[[ RECORDS FOR THIS TASK open ]]

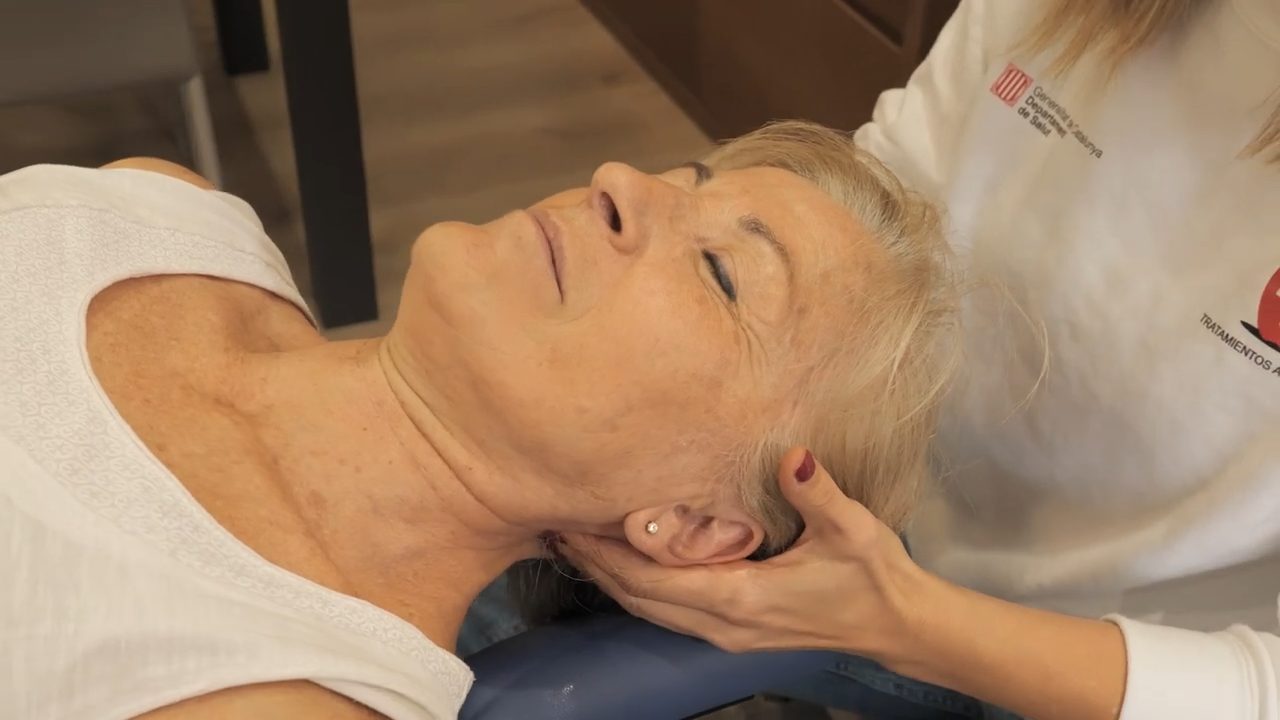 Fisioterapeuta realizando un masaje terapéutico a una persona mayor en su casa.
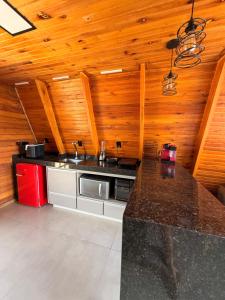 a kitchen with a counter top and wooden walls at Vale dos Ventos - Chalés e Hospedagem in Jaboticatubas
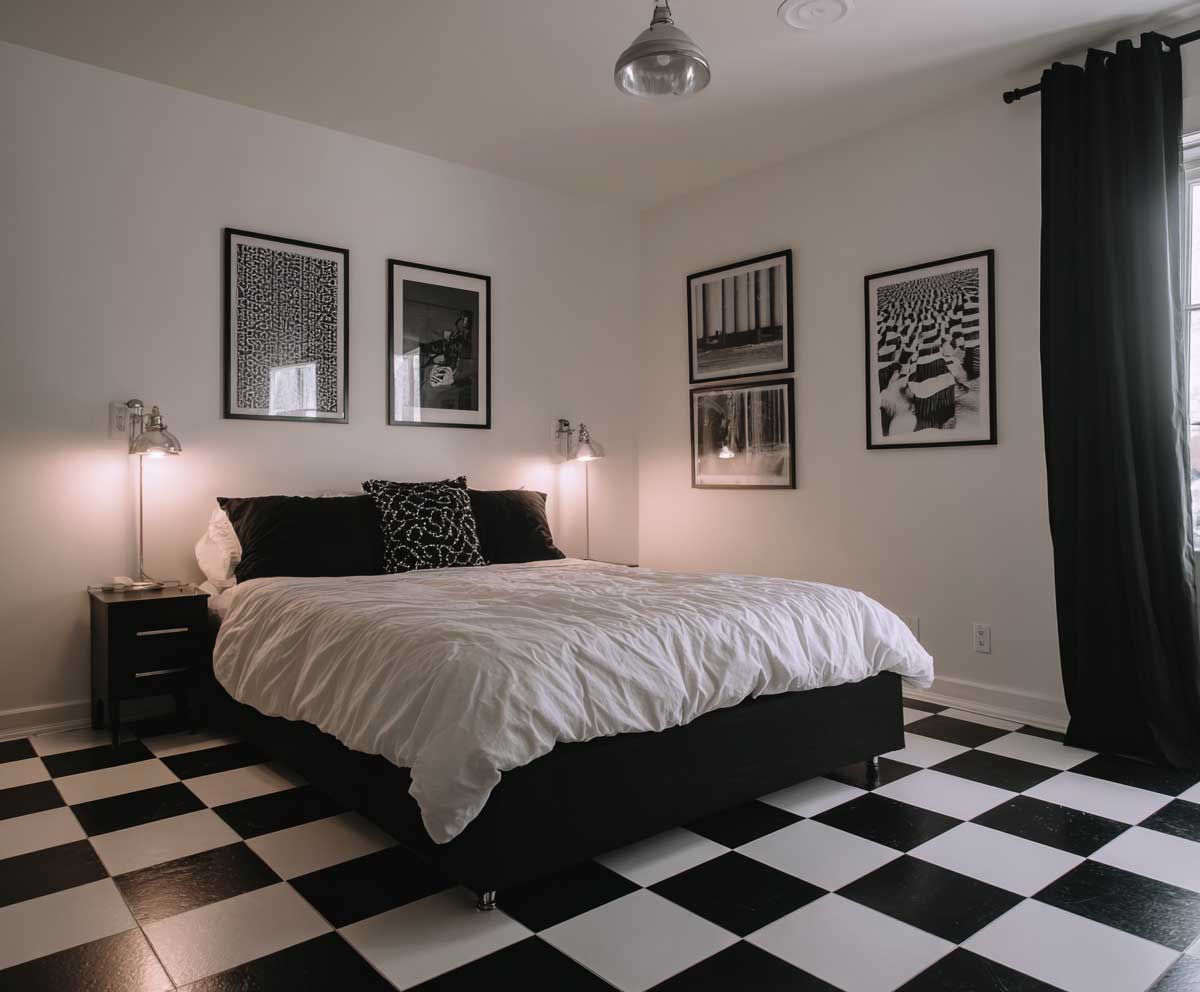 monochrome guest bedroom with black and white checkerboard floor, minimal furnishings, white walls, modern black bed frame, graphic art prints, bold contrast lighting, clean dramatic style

[[ RECORDS FOR THIS TASK closed ]]
[[ RECORDS FOR THIS TASK open ]]

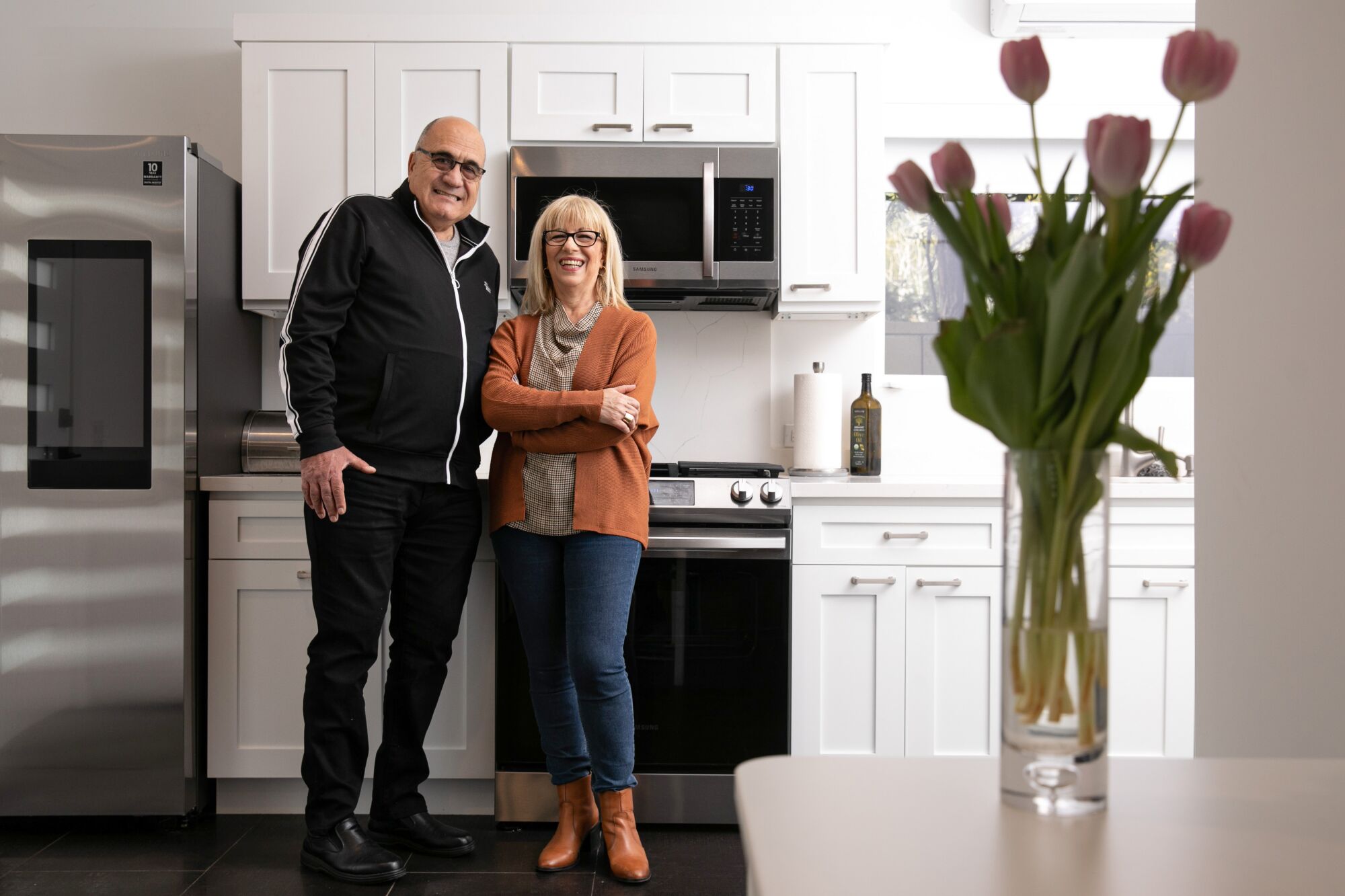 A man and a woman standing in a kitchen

[[ RECORDS FOR THIS TASK closed ]]

# TASK TO CARRY OUT
In the entries above, find the line containing "a kitchen with" and the line containing "monochrome guest bedroom"; give again exactly those two lines and every line between them, minus the pictures.

# EXERCISE ANSWER
 a kitchen with a counter top and wooden walls at Vale dos Ventos - Chalés e Hospedagem in Jaboticatubas
 monochrome guest bedroom with black and white checkerboard floor, minimal furnishings, white walls, modern black bed frame, graphic art prints, bold contrast lighting, clean dramatic style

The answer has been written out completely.